Some of the features of the Wolfram Language FFI include working with a range of types (both atomic and composite), supporting the use of callbacks, working with very low-level structures and integrating with an automatic memory management system.

A key function is ForeignFunctionLoad, which is used here to load the function "addone" from the example library "compilerDemoBase", giving argument and result types. The result is a ForeignFunction object:

The function can be called in the normal way for a Wolfram Language function:

When this function is called, the input, which is an expression and comes from the Wolfram interpreter, is converted into the native C type. This form of conversion is a key part of the Wolfram Compiler.

The Wolfram Language functions that work with libraries using FFI can take the library as a relative or an absolute path. Also, the platform-specific extension can be left out.

Libraries

A useful function for working with libraries is FindLibrary, which will return the absolute pathname, looking in paclets and other library paths. It also takes care of adding the appropriate extension for your platform:

The compilerDemoBase library is included in the Wolfram Language distribution. You can see its source as follows:

This shows the addone function, along with a number of others that will be used for examples in this tutorial:

The source includes a header file "WolframLibrary.h" only to get a definition for the macro DLLEXPORT. The macro specifies that the function is to be exported from the library; the details of how this is done are different on different platforms.
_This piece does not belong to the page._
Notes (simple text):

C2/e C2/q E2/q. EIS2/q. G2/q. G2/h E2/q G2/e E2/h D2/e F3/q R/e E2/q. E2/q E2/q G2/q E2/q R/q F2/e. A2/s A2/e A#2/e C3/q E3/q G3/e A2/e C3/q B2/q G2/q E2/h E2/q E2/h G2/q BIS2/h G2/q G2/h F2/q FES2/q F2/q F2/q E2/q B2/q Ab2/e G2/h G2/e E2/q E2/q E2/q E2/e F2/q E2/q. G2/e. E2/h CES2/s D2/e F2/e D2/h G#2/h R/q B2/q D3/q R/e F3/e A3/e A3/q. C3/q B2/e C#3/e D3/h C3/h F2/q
This is the only reason this header file is included.

You can also load existing libraries. Alternatively, you can create your own libraries from within the Wolfram Language. This is quite useful for learning about using FFI and will be used in other examples in this tutorial.

Function Arguments and Results

Arguments to and results from FFI functions are determined by specifying their types, with support for a range of different types. There is a list on the function page for ForeignFunctionLoad. Some types are atomic types such as "CInt" or "CDouble" that map onto standard definitions for the platform. They are also supported in the Wolfram Compiler. This section will show how to work with different types.

Pointers

Pointers are blocks of memory that can be passed into functions, perhaps for storing an individual value; they are supported by the FFI functions. One example is the addonePointer function from the compilerDemoBase library; the C source is shown below.
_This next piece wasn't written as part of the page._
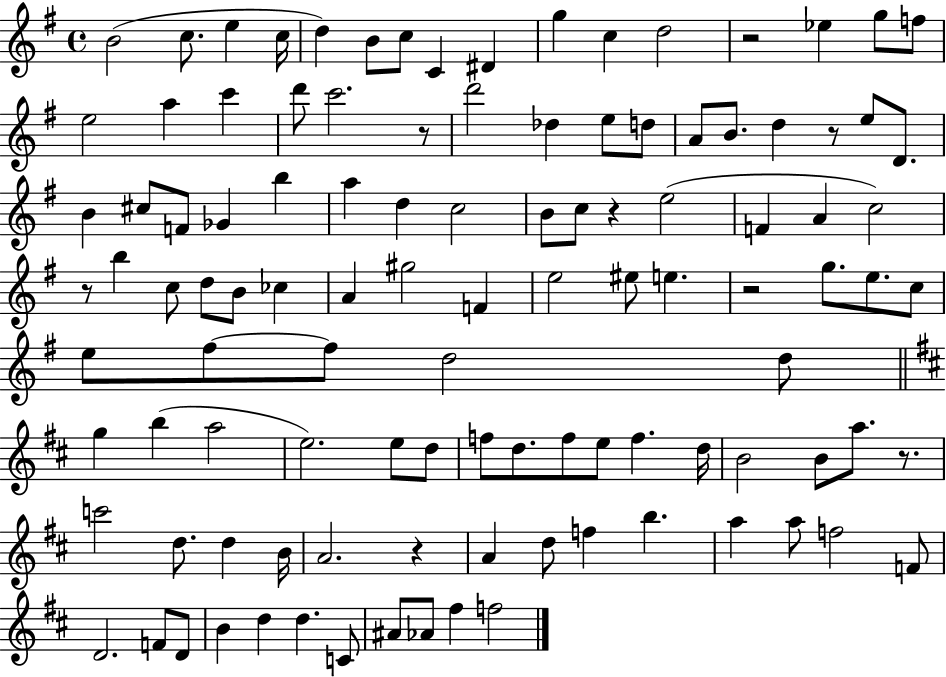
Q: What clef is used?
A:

int addonePointer (int in, int* out) {
    *out = in + 1;
    return 0;
}

This function can called with FFI using ForeignFunctionLoad as shown below. The pointer argument is given a "RawPointer" wrapping the thing that the pointer points toin this case, "CInt". Again, this form of type specification is very much part of the Wolfram Compiler:

Of course, this creates the function, but to call it you need to be able to make a Wolfram expression that works for the pointer. This can be done with RawMemoryAllocate:

The result from RawMemoryAllocate is actually a ManagedObject that contains a RawPointer. Managing something allows memory to be collected when it is no longer used and is discussed in detail in a later section. Typically, you can use a ManagedObject in places that expect the thing that it is managing.

This calls the function. The return value is 0, as expected:

To see the value stored in the pointer, you can use RawMemoryRead:

So this has shown how to load a function that stores a value in a pointer. A suitable pointer was created, the function was called and the stored value was retrieved.

The result of RawMemoryAllocate is actually a "RawPointer" wrapped in a "ManagedObject". This gives a memory management system to raw blocks of memory. The details of this are discussed in a later section.

One important type of pointer is "OpaqueRawPointer". This is equivalent to the C type void*, a pointer that does not really point to anything specific.

Arrays

Arrays are another form of memory usage, a block of memory that can store one or more elements of the same type; they are also supported by the FFI functions. One example is used in the populateArray function from the compilerDemoBase library as shown below.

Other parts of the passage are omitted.